Captain Kepler, who had been assigned squadron leader for this mission, gave us a brief talk outside the church, telling us what altitude he wanted to fly at to rendezvous, and setting our courses and speeds. He told us again that he didn’t want any noise until we were over the target, and then he looked at his watch, said, “Okay, guys,” and walked off to get a second cup of coffee in the mess hall. Ace and I went to the latrine because this would be our last opportunity to do so (we rarely used the pilot’s relief tube) until sometime this afternoon. Then he went for his good luck cup of coffee, and I went back to the tent to dress.
The weather was still mild on the ground, but it would be something like eighty degrees below zero outside the airplane at 30,000 feet, and even though the P-38 was equipped with a heating tube, the temperature in the cockpit rarely rose to above fifty-five degrees. The Air Force also had a heated flying suit complete with an electric plug that fit into a cockpit jack, but the suit shrank when you washed it, and as a result only the smallest guys in the squadron flew in anything like heated comfort. So I always wore long johns, over which I pulled on a pair of khaki pants and shirt, and then coveralls, and then my leather fleece-lined jacket. I never wore the leather helmet because it got too uncomfortable on a long flight, preferring the poplin instead. I took very good care of my hands and my feet because those were the parts of the body that really began to ache after a while (those and the coccyx; you were sitting on the valve of a Mae West throughout the entire mission). I had bought a pair of fleece-lined boots from a British officer for twenty bucks, and those were what I wore on each raid, together with a pair of woolen, flannel-lined, sweater-cuffed GI gloves. Still, my hands and feet were always cold.

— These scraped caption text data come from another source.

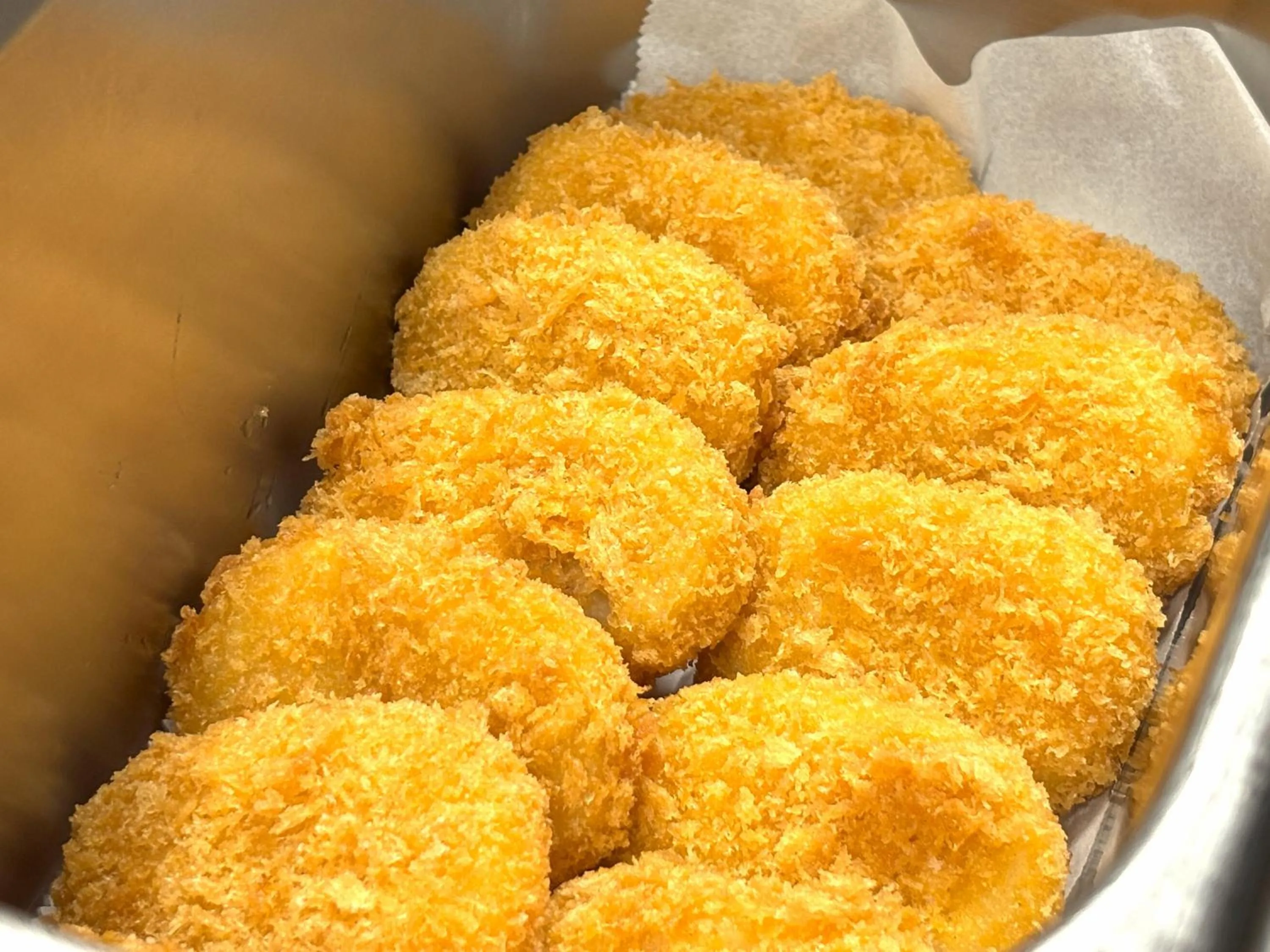 Breakfast in Green Rich Hotel Aso Kumamoto Airport (Artificial hot spring Futamata Yunohana)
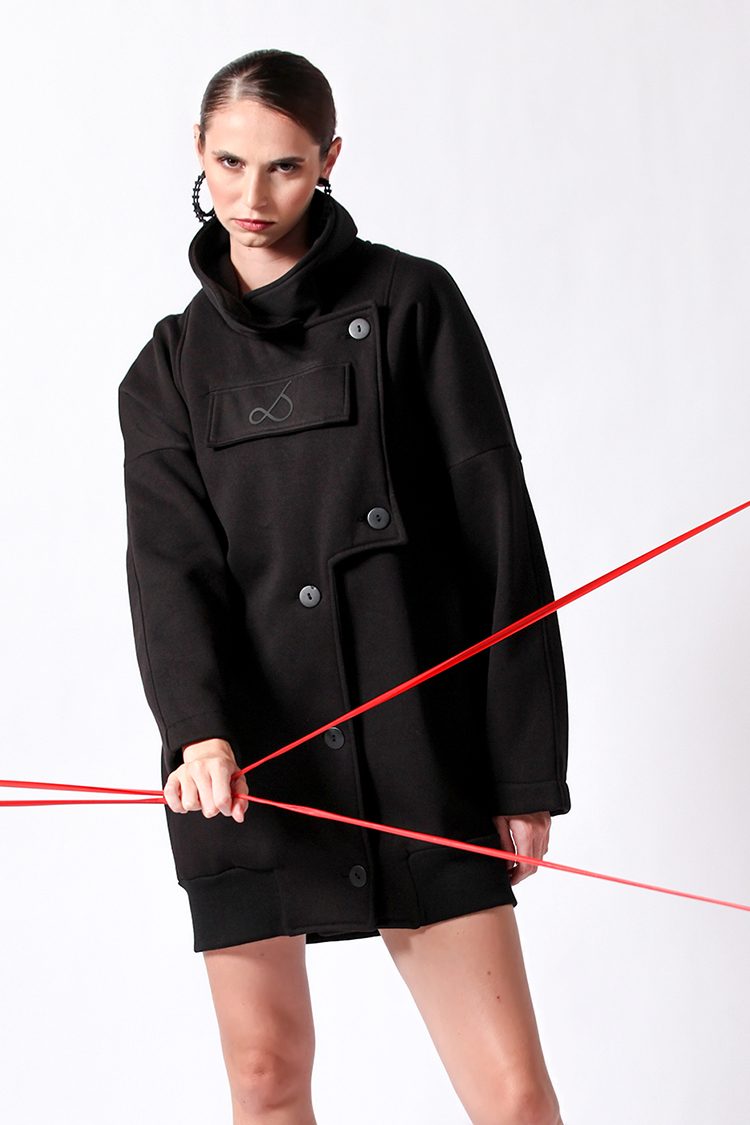 JACKET COAT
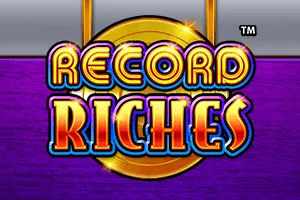 Playtech : Record Riches! - STOREBET77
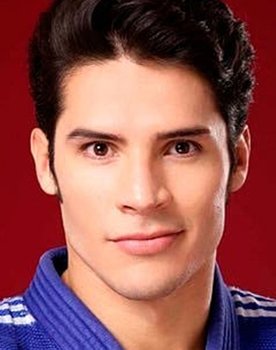 Eduardo Ávila Sánchez as Nico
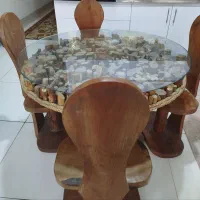 میز ناهار خوری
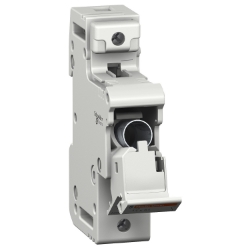 Slika Rastavljač-osigurač 2P 125A za osigurače 22x58 mm SBI Schneider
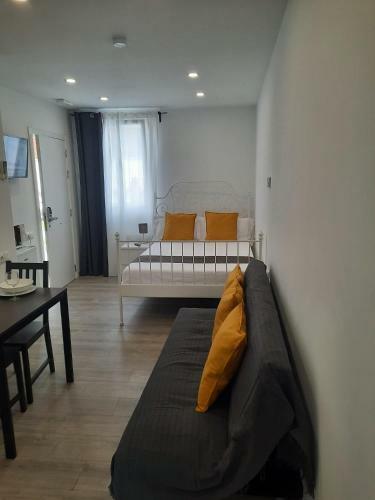Apartaco Apartamentos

Sergeant Balson was standing alongside the plane when I came up to the flight line at about eight-thirty. He had already started her, and he stood listening to the engines now, bald head cocked to one side, the way my mother used to listen, though the crew chief was not the slightest bit deaf. Hands on hips, wearing coveralls and a wool cap, he kept listening to the engines as I approached, and then, without a word of greeting, said, “She seems to be warming up slowly, sir, missing a few times, but she’s sound, don’t worry. The left engine throttle lever is loose. And the trim-tab on the right is pulling a little hard.”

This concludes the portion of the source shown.